Below is a listing. Write out exactly its lines between the one holding "2025 Mercedes-benz A-class" and the one holding "Revolutionerende 4D Ansigtsmassageapparat", inclusive.
★ ★ ★
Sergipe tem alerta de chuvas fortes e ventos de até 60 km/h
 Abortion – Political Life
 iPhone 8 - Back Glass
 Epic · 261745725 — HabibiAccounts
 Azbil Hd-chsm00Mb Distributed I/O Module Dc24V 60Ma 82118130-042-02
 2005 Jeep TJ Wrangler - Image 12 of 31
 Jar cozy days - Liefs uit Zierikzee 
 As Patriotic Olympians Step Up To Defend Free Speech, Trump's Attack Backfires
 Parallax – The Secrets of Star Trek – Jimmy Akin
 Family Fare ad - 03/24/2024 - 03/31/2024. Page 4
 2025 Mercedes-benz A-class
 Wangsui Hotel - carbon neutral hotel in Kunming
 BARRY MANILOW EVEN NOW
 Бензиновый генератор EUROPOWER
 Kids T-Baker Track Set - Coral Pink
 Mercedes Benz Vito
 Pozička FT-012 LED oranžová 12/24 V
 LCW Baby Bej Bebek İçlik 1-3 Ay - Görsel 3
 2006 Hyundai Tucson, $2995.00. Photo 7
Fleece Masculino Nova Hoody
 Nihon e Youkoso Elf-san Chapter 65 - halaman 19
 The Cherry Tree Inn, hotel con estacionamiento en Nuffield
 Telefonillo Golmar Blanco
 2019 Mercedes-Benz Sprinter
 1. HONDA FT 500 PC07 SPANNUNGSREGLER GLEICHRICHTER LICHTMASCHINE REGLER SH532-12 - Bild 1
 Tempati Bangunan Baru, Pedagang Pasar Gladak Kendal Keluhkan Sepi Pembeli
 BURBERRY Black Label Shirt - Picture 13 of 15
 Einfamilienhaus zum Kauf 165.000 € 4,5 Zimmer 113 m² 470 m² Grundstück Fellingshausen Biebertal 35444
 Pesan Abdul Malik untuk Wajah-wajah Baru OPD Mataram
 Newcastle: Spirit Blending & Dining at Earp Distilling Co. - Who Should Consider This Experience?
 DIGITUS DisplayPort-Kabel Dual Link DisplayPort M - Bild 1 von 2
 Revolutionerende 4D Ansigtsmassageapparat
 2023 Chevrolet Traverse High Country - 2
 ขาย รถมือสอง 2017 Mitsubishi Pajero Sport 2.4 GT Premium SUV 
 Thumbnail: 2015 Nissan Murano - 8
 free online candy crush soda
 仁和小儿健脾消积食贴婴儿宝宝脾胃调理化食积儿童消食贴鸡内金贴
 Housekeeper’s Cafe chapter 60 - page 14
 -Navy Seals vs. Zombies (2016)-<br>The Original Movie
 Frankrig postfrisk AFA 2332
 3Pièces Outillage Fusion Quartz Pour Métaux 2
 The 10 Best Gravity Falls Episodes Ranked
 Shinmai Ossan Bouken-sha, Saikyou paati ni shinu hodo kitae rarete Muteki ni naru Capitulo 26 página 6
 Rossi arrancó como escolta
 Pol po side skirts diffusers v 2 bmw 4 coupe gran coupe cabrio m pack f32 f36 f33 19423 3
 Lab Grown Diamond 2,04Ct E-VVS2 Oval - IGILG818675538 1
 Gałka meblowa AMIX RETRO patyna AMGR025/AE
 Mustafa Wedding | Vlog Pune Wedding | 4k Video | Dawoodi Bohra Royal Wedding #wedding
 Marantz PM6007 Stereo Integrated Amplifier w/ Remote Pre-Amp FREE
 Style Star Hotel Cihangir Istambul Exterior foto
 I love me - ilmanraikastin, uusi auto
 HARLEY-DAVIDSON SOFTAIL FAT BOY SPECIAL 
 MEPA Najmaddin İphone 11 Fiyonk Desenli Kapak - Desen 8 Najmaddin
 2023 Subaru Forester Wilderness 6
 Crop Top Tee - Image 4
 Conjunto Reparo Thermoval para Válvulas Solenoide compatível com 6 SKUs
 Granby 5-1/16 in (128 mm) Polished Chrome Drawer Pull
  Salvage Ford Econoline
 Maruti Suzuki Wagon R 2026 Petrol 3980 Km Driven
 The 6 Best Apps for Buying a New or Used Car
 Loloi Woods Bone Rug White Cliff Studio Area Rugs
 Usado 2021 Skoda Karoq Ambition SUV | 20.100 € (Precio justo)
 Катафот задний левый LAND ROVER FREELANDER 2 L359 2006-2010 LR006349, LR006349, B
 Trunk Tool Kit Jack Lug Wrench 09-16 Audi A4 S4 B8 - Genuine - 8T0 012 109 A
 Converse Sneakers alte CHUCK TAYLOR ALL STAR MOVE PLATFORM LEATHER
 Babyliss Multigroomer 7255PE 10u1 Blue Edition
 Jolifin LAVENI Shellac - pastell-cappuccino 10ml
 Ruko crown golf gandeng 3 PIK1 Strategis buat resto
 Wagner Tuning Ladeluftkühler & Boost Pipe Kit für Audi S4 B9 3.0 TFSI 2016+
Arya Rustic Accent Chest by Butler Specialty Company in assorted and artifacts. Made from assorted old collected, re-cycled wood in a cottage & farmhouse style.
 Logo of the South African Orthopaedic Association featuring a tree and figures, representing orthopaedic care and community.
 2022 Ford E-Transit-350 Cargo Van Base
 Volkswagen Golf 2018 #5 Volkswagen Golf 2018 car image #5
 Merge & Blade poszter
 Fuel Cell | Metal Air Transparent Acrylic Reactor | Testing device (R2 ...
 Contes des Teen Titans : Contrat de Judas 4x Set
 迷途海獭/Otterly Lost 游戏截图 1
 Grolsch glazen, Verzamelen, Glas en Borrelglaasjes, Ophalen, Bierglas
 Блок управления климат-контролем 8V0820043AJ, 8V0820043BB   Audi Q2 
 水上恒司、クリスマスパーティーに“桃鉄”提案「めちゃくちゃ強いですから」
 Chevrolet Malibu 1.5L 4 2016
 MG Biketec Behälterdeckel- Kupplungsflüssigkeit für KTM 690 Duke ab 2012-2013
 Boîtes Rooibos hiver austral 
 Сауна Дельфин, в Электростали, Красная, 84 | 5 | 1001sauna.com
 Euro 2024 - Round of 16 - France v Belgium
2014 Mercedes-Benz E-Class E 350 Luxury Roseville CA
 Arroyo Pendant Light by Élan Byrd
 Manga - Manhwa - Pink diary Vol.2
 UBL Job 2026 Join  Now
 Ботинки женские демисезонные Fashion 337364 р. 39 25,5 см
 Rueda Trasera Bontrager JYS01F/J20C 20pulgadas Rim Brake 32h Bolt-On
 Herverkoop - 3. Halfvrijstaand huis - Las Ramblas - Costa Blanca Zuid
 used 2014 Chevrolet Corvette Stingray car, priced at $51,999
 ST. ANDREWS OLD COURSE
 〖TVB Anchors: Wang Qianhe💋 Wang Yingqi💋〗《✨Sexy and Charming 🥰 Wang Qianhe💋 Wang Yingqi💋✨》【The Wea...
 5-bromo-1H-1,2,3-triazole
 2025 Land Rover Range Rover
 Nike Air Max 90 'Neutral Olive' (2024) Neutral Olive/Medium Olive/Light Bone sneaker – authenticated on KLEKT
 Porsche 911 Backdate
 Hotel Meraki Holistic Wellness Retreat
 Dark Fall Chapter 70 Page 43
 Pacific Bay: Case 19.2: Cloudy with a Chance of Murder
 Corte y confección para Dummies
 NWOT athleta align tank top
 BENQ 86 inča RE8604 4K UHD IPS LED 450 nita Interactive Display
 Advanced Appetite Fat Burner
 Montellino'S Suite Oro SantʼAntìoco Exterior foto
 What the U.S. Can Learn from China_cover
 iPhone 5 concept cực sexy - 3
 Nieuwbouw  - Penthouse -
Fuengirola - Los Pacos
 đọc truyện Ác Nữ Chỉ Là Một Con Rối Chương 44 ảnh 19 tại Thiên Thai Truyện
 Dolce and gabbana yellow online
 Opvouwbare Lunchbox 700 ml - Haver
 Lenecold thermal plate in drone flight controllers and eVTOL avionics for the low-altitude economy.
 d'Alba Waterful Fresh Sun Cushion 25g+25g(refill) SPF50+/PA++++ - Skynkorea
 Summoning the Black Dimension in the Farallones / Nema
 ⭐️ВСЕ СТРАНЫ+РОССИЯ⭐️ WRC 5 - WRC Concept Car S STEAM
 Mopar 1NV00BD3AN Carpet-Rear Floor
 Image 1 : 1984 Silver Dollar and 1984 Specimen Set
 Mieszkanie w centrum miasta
★ ★ ★
● ANSWER TO THE EXERCISE
 2025 Mercedes-benz A-class
 Wangsui Hotel - carbon neutral hotel in Kunming
 BARRY MANILOW EVEN NOW
 Бензиновый генератор EUROPOWER
 Kids T-Baker Track Set - Coral Pink
 Mercedes Benz Vito
 Pozička FT-012 LED oranžová 12/24 V
 LCW Baby Bej Bebek İçlik 1-3 Ay - Görsel 3
 2006 Hyundai Tucson, $2995.00. Photo 7
Fleece Masculino Nova Hoody
 Nihon e Youkoso Elf-san Chapter 65 - halaman 19
 The Cherry Tree Inn, hotel con estacionamiento en Nuffield
 Telefonillo Golmar Blanco
 2019 Mercedes-Benz Sprinter
 1. HONDA FT 500 PC07 SPANNUNGSREGLER GLEICHRICHTER LICHTMASCHINE REGLER SH532-12 - Bild 1
 Tempati Bangunan Baru, Pedagang Pasar Gladak Kendal Keluhkan Sepi Pembeli
 BURBERRY Black Label Shirt - Picture 13 of 15
 Einfamilienhaus zum Kauf 165.000 € 4,5 Zimmer 113 m² 470 m² Grundstück Fellingshausen Biebertal 35444
 Pesan Abdul Malik untuk Wajah-wajah Baru OPD Mataram
 Newcastle: Spirit Blending & Dining at Earp Distilling Co. - Who Should Consider This Experience?
 DIGITUS DisplayPort-Kabel Dual Link DisplayPort M - Bild 1 von 2
 Revolutionerende 4D Ansigtsmassageapparat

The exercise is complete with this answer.